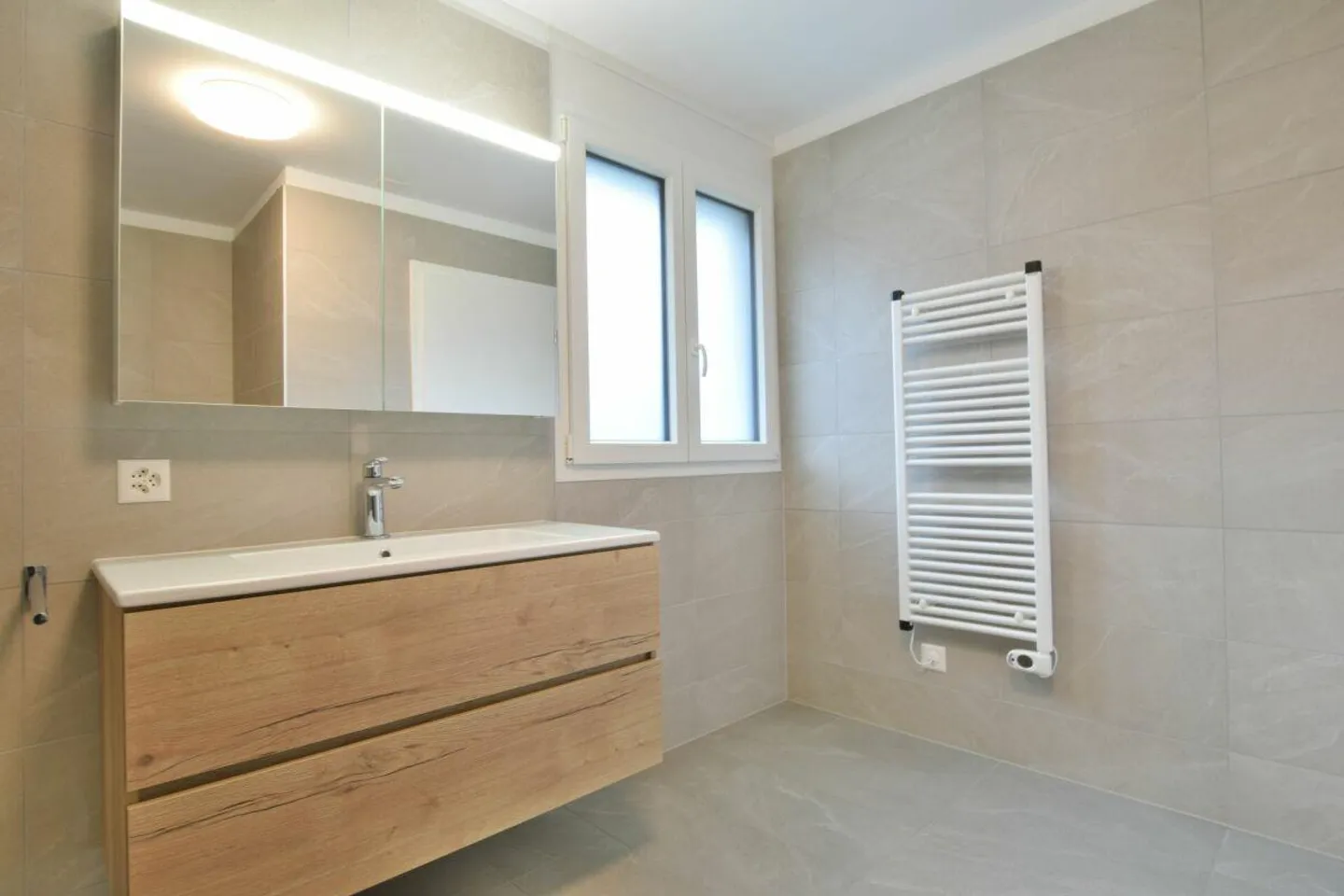 Maison unifamiliale lumineuse avec jardin privé - Photo 5 sur 10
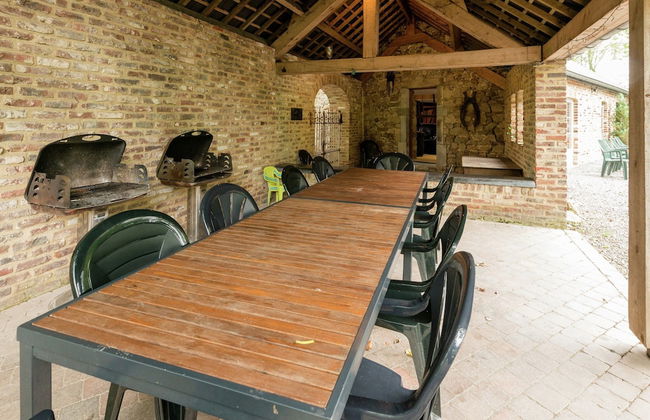 Glorious Holiday Home in Wéris with Hot Tub - Photo 13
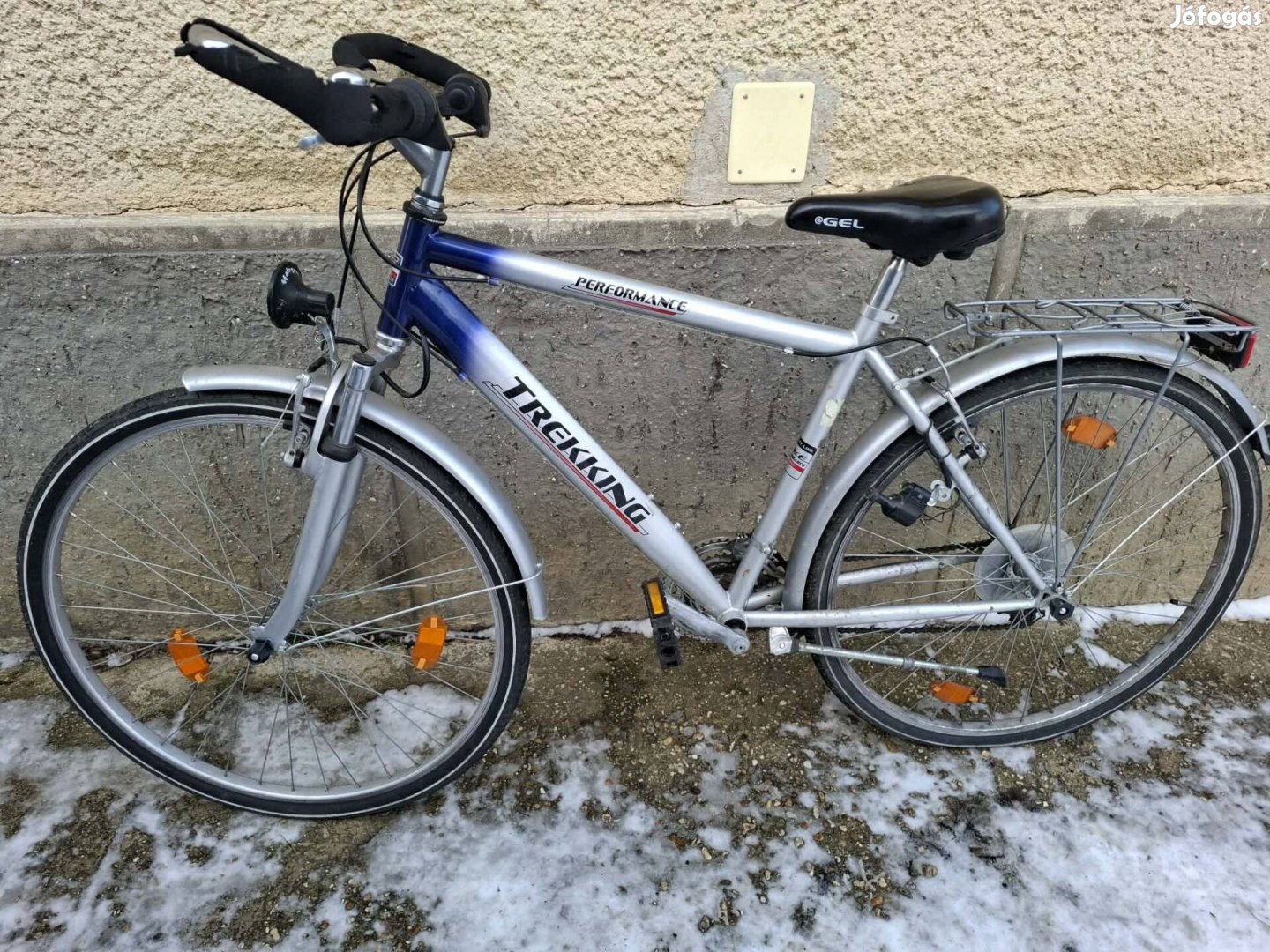 Trekking 28-as Férfi Alu kerékpár eladó!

**EXERCISE AIM:** You are asked to reproduce each line above exactly, but to exclude the pictures.

**EXERCISE SOLUTION:**
 Maison unifamiliale lumineuse avec jardin privé - Photo 5 sur 10
 Glorious Holiday Home in Wéris with Hot Tub - Photo 13
 Trekking 28-as Férfi Alu kerékpár eladó!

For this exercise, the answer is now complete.